▶ **Problem**
Only the lines from the line containing "HiGift powder-coated green" to the end of the entries, both included, belong in your answer, and each must match exactly.

▶ **Data entries**
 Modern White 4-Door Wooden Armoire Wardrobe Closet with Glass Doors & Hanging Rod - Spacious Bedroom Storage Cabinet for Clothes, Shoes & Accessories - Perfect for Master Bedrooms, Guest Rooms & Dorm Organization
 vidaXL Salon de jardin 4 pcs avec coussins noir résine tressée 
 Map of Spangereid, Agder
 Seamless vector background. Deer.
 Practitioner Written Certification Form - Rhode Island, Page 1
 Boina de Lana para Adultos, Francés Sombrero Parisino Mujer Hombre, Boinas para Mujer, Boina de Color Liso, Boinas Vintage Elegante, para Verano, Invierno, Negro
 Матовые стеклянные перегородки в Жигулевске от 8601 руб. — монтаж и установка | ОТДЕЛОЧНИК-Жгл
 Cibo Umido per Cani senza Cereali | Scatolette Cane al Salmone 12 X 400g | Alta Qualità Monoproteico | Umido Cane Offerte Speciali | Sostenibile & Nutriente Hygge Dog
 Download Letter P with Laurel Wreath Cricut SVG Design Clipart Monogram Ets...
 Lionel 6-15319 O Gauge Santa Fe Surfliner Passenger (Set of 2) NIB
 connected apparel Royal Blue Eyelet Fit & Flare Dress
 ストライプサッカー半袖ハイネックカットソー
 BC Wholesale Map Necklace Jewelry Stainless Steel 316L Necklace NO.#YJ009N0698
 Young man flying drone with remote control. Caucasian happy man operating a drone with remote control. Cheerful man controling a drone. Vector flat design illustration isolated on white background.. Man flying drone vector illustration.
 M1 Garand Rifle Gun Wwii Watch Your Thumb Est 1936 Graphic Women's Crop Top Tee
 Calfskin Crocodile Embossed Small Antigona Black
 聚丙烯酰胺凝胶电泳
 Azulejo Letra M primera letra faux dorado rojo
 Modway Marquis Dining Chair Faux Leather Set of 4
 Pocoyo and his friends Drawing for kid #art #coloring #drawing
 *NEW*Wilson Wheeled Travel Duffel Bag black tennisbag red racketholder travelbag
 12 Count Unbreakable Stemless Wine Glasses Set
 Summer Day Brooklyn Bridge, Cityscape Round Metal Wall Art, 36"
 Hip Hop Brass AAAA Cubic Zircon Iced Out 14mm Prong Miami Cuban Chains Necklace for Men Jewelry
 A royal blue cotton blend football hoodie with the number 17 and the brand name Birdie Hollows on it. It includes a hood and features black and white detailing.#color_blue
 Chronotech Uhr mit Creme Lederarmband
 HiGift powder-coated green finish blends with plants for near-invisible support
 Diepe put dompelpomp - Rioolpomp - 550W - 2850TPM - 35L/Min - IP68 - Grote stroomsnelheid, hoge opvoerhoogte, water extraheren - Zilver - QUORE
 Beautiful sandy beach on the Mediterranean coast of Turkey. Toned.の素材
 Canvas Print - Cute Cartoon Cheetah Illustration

▶ **Solution**
 HiGift powder-coated green finish blends with plants for near-invisible support
 Diepe put dompelpomp - Rioolpomp - 550W - 2850TPM - 35L/Min - IP68 - Grote stroomsnelheid, hoge opvoerhoogte, water extraheren - Zilver - QUORE
 Beautiful sandy beach on the Mediterranean coast of Turkey. Toned.の素材
 Canvas Print - Cute Cartoon Cheetah Illustration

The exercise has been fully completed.